Man mumbled, ‘Um, it’s an exercise ball’.

‘It’s a WHAT? Damn, it’s too big for the charity bag. The kids can play with it.’

Things One and Two were sprawled on the sofa in their smart new dressing-gowns, jaws slack and stained with chocolate coins. They stared unblinking at something inane on telly, and didn’t even notice the change when I slipped Davina Fit into the DVD player.

‘I’ve saved the best till last’, I said, dragging Man of the House’s pressie towards me. ‘Ooh, it weighs a ton.’

He coughed and busied himself with some mulled wine.

‘Ah. It weighs a lot, because it’s weights. Thanks SO much.’ I grabbed the last mince pie, and slotted it into my mouth in one go. Indistinctly, I said, ‘I see everyone’s made my new year’s resolution for me.’

Man edged towards the door, whispering, ‘You aren’t in quite as good shape as you were…’

‘This is baby weight, you fiend’, I spluttered, spraying pastry.

‘Thing Two is four years old’, he mouthed, then fled as I hurled the exercise ball at him. Blimey, my arms ached after lifting that mother.

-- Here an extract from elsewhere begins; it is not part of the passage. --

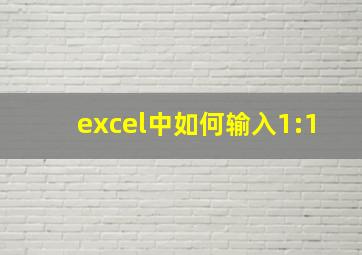 excel中如何输入1:1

Let no-one say I can’t take a hint. So, as January dawned, grey and full of lack of promise, I limbered up and did some Google research. Turns out that Lewes is awash with Pilates and yoga. There are at least four gyms; there are sports clubs; you can play tennis and badminton till your socks fall down. There are more personal trainers than you can shake a rowing machine at. I was so wiped out after discovering this, I had to have a little lie down with a personal bar of Green & Blacks.

By next day I had devised my own training programme. I put on my sweatpants and trainers, did a few stretches, then set off at walking pace for the Leisure Centre. They have tons of stuff there: a gym, exercise classes, swimming pool. But more to the point, the centre is about a mile from my house. So going there and back constitutes a good solid constitutional. Actually, it was such a tough workout, because I dropped the weights off at Cancer Research on the way, that I got a cab home from the station. I didn’t want to overdo it.

But I reckon if I pop down there and watch all those crazies sweating it out on the treadmills every month or so, those extra pounds will soon fall away.

Published in Viva Lewes magazine, January 2010.